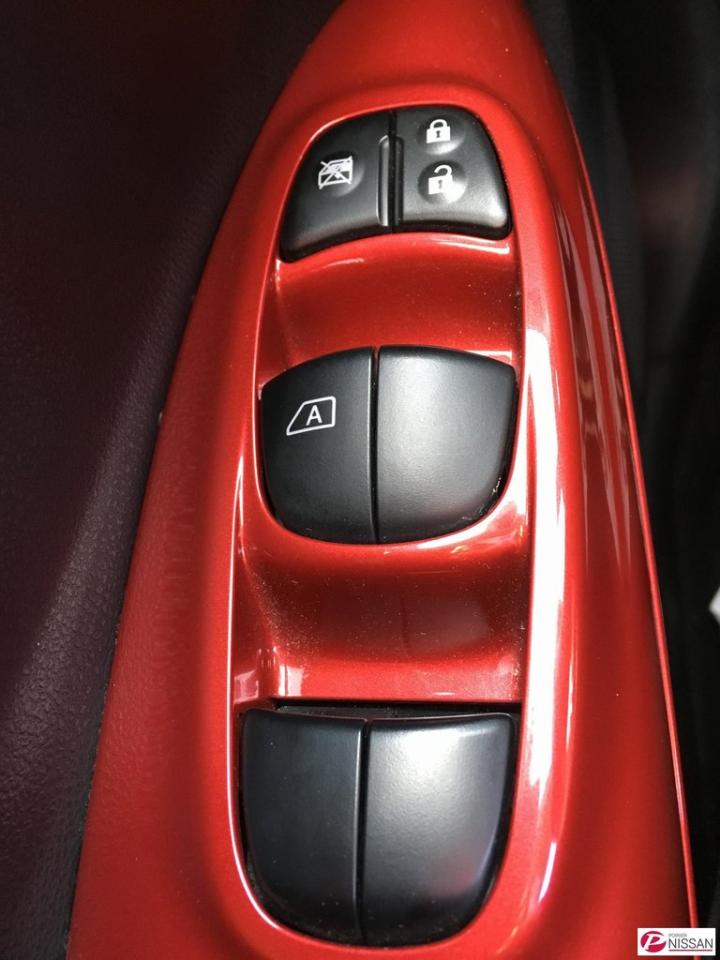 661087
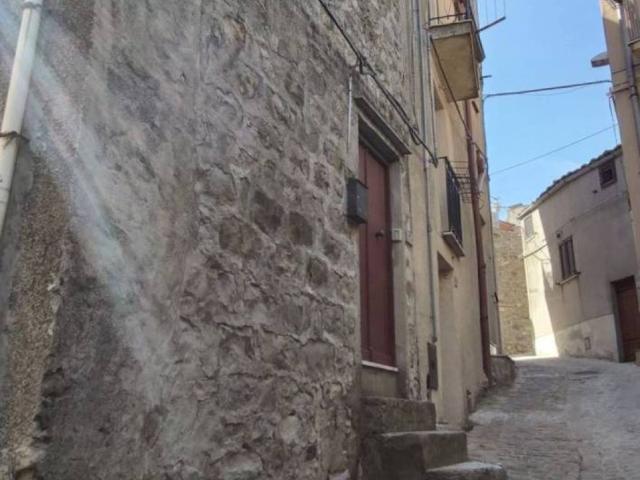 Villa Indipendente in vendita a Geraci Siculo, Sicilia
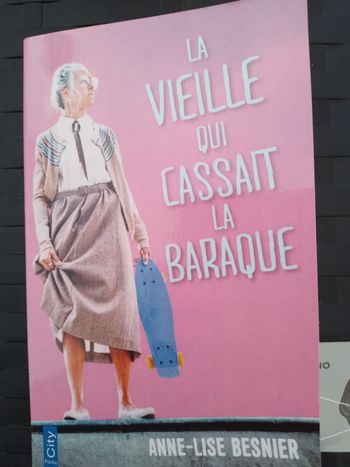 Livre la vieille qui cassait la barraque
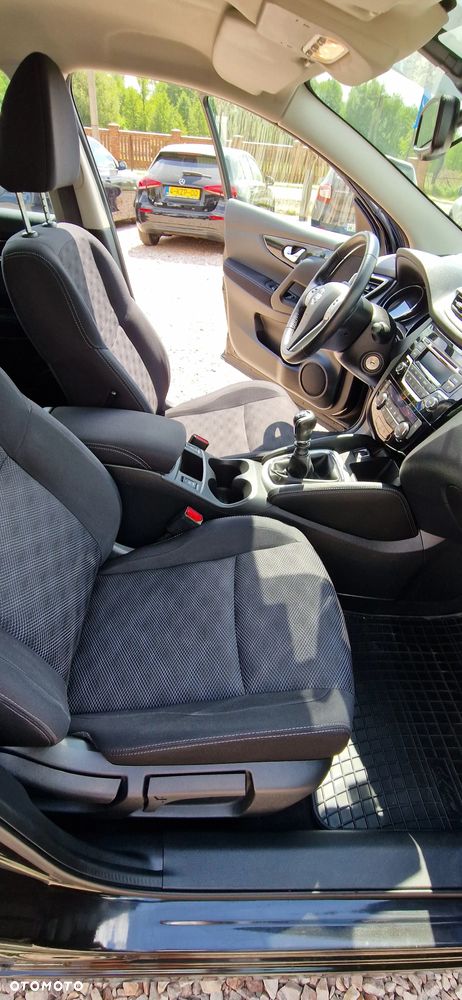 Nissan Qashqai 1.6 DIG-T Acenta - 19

::::::::::

» **Directions**:
Your task is to copy exactly the lines from the line containing "Villa Indipendente in" through the final line of the listing above and to omit every picture.

» **Result for this exercise**:
 Villa Indipendente in vendita a Geraci Siculo, Sicilia
 Livre la vieille qui cassait la barraque
 Nissan Qashqai 1.6 DIG-T Acenta - 19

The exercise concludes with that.